Math261

Course Description form

Faculties and departments requiring this course (if any): Faculty of Science

        Department of Mathematics

Objectives:  Prefer In points

  1- To understand the relationship between Algebra and Geometry.

  2- To understand the concepts of inclination, slope, and tangent.

  3- To recognize the different formula for an equation of a line in a plane and  space.

  4- To see the difference among the distance between two points, distance from a point to a line, and a distance from a point to a plane.

  5- To illustrate the difference between the standard form and the general form for an equation of a circle.

  6- To study the conic sections and to understand its translation and rotation.

  7- To understand the relationship between rectangular and polar coordinates.

  8- To study the conic sections in polar coordinates.

  9- To study the parametric equations.

  10- Introduction to solid analytic geometry.

  11-To introduce the concept of mathematical objects in space.

  12-To study planes, lines, spheres and various other surfaces.

Contents: Prefer In points

1- Coordinate system of two dimensions

2- Lines

3- Circles

4- Parabola, ellipse, hyperbola

5- Transformations of axes

6- Curves in polar coordinates

7- Coordinate system of three dimensions

8- Planes

9- Lines

10- Surfaces

Course Outcomes:

A-   Knowledge:

     (Specific facts and knowledge of concepts, theories, formula etc.)
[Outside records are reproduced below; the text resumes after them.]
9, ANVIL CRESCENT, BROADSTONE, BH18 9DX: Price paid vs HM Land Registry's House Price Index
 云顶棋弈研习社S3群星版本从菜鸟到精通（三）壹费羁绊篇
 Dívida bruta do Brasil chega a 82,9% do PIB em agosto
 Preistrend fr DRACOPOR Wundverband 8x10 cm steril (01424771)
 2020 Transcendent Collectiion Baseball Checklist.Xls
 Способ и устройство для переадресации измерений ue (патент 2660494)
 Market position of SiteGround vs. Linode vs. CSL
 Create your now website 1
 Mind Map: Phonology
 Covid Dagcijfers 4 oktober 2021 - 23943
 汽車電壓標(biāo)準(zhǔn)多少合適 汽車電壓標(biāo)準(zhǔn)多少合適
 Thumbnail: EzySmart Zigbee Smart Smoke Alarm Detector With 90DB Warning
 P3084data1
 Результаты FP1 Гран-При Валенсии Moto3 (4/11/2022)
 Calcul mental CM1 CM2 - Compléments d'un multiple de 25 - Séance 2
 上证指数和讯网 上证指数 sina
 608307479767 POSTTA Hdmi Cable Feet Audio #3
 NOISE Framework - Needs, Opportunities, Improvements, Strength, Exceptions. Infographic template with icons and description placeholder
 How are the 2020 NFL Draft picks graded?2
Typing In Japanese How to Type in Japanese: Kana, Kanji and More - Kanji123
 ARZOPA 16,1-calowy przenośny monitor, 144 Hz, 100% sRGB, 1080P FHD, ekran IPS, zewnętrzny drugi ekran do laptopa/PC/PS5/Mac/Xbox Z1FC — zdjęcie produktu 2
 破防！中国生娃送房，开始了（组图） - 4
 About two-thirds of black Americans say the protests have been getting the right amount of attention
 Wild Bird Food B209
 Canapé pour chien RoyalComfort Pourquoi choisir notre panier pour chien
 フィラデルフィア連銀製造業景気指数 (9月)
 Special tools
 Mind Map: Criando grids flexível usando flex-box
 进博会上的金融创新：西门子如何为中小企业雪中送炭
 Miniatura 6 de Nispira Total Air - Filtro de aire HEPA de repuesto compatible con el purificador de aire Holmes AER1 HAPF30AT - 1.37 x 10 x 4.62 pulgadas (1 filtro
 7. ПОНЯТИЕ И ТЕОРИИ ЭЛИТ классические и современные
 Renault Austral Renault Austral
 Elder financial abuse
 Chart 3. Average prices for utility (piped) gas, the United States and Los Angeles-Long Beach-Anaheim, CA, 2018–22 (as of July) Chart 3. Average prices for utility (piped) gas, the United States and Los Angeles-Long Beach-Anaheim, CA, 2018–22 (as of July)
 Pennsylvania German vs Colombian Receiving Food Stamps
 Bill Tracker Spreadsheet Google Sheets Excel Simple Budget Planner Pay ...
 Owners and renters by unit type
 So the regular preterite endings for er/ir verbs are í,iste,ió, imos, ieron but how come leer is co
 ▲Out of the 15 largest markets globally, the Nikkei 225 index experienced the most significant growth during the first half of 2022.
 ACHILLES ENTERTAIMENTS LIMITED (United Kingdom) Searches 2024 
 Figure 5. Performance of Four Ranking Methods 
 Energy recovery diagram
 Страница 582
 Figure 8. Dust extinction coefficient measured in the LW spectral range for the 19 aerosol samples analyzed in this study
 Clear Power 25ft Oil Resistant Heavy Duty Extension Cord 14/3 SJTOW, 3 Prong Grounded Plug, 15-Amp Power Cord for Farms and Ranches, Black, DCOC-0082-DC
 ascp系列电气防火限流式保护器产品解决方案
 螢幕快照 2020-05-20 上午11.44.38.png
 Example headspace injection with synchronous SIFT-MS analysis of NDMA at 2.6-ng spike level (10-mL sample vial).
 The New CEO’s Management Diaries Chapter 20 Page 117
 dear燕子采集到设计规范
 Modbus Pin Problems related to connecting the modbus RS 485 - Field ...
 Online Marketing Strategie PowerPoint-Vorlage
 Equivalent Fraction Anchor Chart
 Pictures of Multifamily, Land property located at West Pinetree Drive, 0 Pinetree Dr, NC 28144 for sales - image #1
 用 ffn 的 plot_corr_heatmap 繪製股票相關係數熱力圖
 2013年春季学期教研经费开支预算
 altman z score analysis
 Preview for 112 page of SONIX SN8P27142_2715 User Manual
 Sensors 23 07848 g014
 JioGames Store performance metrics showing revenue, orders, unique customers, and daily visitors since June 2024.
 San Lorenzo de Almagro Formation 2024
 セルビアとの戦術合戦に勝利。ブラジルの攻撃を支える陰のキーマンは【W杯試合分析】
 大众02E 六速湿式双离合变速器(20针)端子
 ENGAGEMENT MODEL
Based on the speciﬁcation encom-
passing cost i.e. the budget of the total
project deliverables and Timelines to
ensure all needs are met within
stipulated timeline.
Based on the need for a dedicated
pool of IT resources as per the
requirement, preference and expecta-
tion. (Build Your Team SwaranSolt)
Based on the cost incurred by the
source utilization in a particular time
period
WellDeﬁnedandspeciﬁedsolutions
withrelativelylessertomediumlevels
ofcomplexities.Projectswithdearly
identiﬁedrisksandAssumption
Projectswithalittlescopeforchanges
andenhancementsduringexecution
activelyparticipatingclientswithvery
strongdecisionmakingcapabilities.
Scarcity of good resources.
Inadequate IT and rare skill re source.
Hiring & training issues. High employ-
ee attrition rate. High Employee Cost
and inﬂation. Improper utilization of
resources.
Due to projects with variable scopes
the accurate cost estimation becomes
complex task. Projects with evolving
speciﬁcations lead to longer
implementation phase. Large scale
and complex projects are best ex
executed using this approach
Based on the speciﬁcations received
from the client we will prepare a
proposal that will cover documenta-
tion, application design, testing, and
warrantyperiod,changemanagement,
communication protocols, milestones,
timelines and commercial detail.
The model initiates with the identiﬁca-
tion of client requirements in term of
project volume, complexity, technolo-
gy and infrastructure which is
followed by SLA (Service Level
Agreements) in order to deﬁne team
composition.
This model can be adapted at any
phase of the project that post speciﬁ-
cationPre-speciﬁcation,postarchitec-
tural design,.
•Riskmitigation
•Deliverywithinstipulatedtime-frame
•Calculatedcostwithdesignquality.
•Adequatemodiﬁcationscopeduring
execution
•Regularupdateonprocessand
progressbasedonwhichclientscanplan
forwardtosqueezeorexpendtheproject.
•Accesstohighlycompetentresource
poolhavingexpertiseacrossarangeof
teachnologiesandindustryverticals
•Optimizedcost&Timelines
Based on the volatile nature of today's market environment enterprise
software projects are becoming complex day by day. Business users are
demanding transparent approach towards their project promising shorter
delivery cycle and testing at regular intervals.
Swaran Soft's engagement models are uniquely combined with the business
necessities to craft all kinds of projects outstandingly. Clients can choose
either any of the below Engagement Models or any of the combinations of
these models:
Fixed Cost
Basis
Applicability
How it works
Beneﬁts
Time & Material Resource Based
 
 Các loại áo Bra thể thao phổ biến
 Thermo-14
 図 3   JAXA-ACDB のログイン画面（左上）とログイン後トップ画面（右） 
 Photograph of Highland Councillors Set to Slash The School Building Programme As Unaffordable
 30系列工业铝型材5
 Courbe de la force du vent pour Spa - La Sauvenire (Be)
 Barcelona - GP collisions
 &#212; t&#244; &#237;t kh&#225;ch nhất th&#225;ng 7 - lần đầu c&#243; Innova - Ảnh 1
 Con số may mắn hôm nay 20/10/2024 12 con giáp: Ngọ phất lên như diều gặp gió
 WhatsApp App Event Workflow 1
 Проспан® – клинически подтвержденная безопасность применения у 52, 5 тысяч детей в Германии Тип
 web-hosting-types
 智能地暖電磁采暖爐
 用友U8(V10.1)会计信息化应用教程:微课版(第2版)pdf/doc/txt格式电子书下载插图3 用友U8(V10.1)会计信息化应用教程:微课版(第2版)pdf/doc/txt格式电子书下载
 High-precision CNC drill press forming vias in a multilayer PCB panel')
     Practical knowledge about how the geometric objects in a plane or space can be studied algebraically is truly developed in this subject. They can understand the difference among different mathematical terms, like postulate (Euclid’s postulates), theorems (finding distance between objects can be stated as a theorem), undefined terms (point is an undefined term), etc.  The students learn from this course how a geometric object can get a mathematical formulation.

B-Cognitive Skills:

    (Thinking, problem solving )

    This is a very practical course. Their cognitive skills improve by solving hundreds of problems of different types within a domain. The nature of problems is such that they can visualize mathematical statements geometrically and conversely they can think and formulate geometric objects algebraically. For instance, if they prove a theorem for finding distance between a point and a line, their thinking run with the proof, or if they rotate a conic to a certain degree, their imagination goes with it, etc.

C- Interpersonal skills and responsibilities

    (group participation, leadership, personal responsibility, ethic and moral behavior, capacity for  self directed learning)

     In general, Mathematics teaches a very well skilled and disciplined life.

D- Analysis and communication:

    (communication, mathematical and IT skills)

    The students learn from this course how the geometric objects can get a mathematical formulation.

Text book: Only one

Supplementary references

        Title: Calculus, Eight Edition

        Author: H. Anton I. Birens and S. Davis John Wiley & Sons Inc. 2005..

        Publisher: John Wiley & Sons Inc. 2005.

Other Information Resources

       Different web searches, like wikipedia, wolfram, kurriiki, ask, google, bing.